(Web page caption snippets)
+--
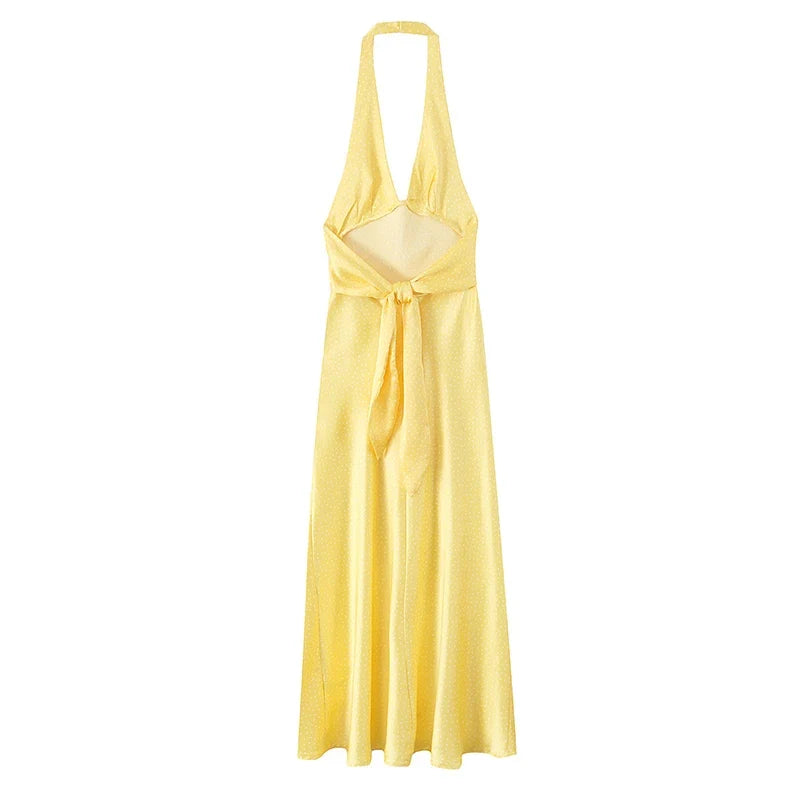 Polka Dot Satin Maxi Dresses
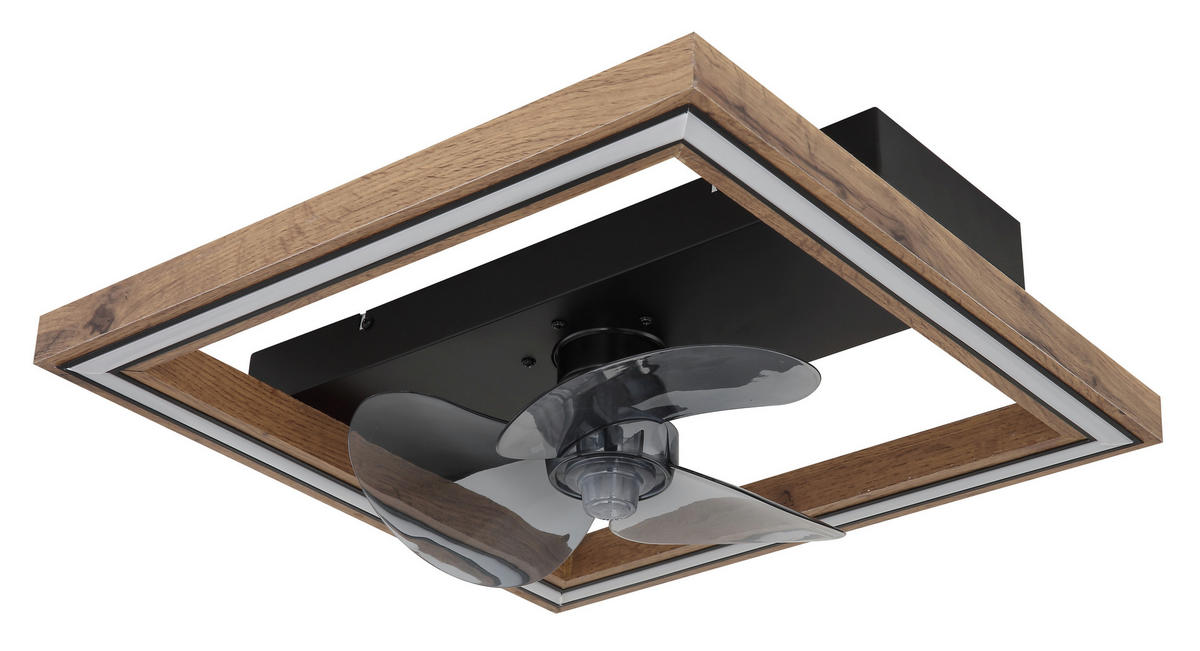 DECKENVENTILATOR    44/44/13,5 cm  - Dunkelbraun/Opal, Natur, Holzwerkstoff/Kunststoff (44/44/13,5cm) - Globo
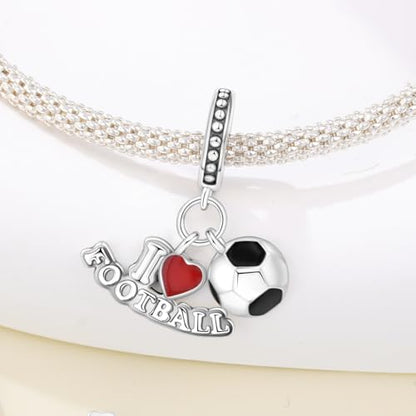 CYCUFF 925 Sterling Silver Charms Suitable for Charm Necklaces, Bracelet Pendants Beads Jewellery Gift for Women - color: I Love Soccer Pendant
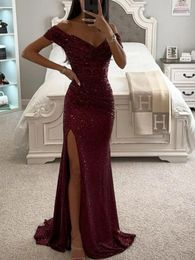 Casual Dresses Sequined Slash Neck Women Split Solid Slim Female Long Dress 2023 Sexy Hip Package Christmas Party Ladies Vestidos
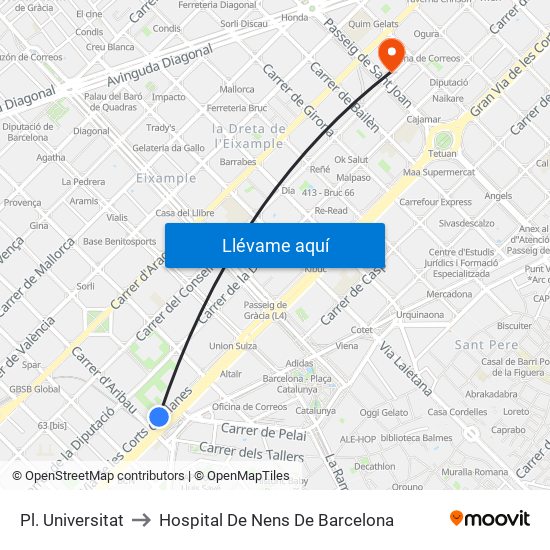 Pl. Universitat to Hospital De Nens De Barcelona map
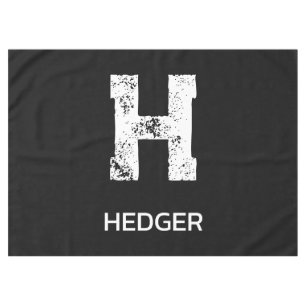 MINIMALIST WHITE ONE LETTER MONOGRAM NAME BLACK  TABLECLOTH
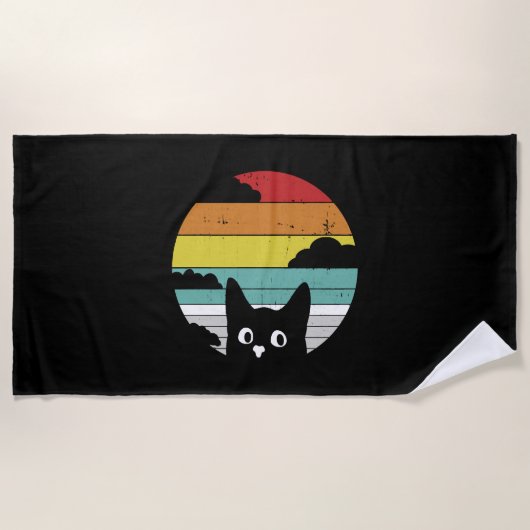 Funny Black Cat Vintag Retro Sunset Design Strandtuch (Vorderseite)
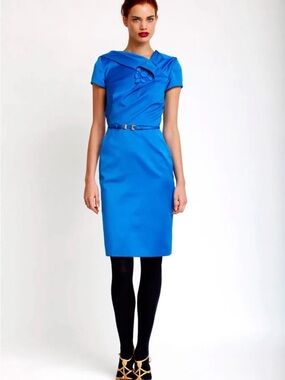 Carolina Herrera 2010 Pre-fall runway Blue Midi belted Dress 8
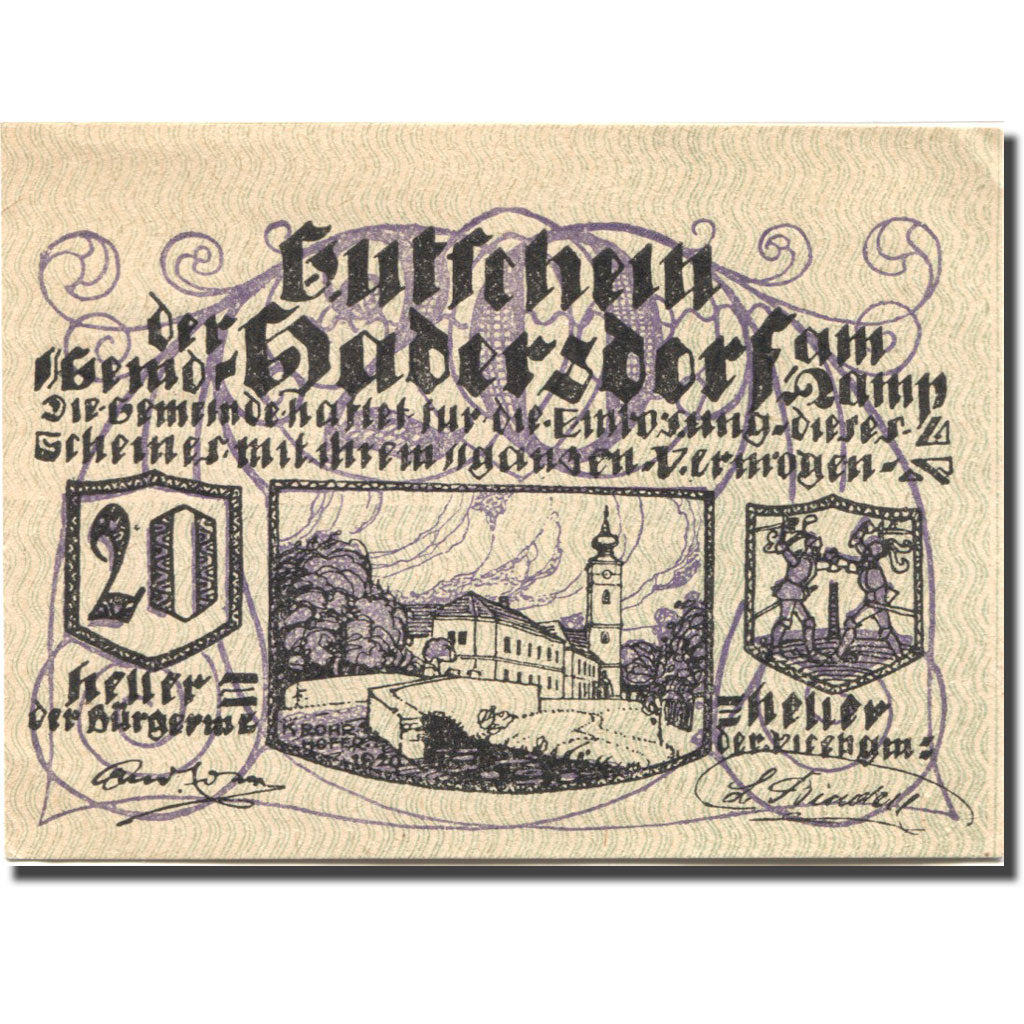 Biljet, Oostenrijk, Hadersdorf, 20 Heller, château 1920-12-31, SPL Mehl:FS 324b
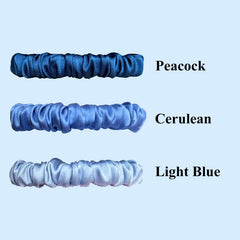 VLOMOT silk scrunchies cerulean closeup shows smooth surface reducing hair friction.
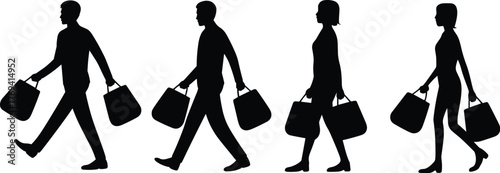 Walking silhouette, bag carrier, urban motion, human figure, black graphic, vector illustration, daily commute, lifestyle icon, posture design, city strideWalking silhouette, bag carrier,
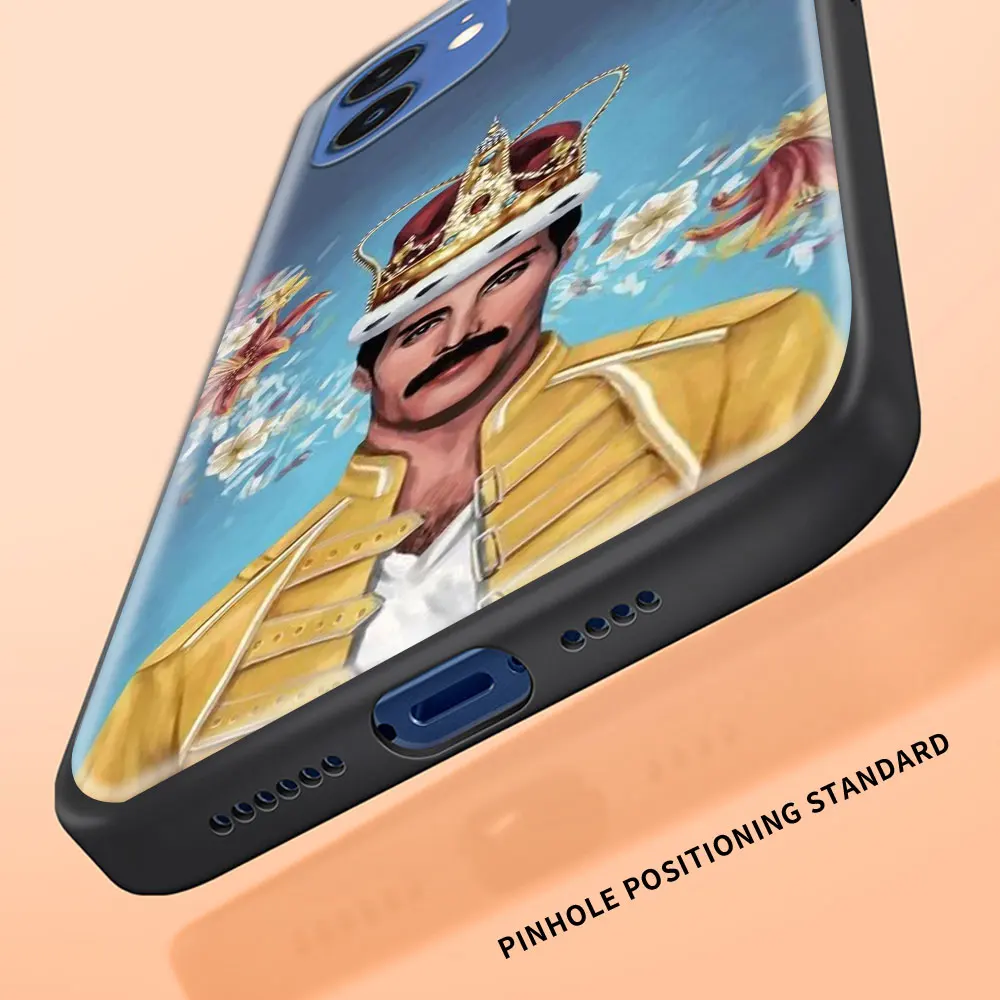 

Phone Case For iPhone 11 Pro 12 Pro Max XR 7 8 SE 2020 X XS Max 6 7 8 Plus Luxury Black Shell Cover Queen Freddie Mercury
+--
Task instructions: Every line above gets copied exactly; none of the pictures do.

Finished task:
 Polka Dot Satin Maxi Dresses
 DECKENVENTILATOR    44/44/13,5 cm  - Dunkelbraun/Opal, Natur, Holzwerkstoff/Kunststoff (44/44/13,5cm) - Globo
 CYCUFF 925 Sterling Silver Charms Suitable for Charm Necklaces, Bracelet Pendants Beads Jewellery Gift for Women - color: I Love Soccer Pendant
 Casual Dresses Sequined Slash Neck Women Split Solid Slim Female Long Dress 2023 Sexy Hip Package Christmas Party Ladies Vestidos
 Pl. Universitat to Hospital De Nens De Barcelona map
 MINIMALIST WHITE ONE LETTER MONOGRAM NAME BLACK  TABLECLOTH
 Funny Black Cat Vintag Retro Sunset Design Strandtuch (Vorderseite)
 Carolina Herrera 2010 Pre-fall runway Blue Midi belted Dress 8
 Biljet, Oostenrijk, Hadersdorf, 20 Heller, château 1920-12-31, SPL Mehl:FS 324b
 VLOMOT silk scrunchies cerulean closeup shows smooth surface reducing hair friction.
 Walking silhouette, bag carrier, urban motion, human figure, black graphic, vector illustration, daily commute, lifestyle icon, posture design, city strideWalking silhouette, bag carrier,

Phone Case For iPhone 11 Pro 12 Pro Max XR 7 8 SE 2020 X XS Max 6 7 8 Plus Luxury Black Shell Cover Queen Freddie Mercury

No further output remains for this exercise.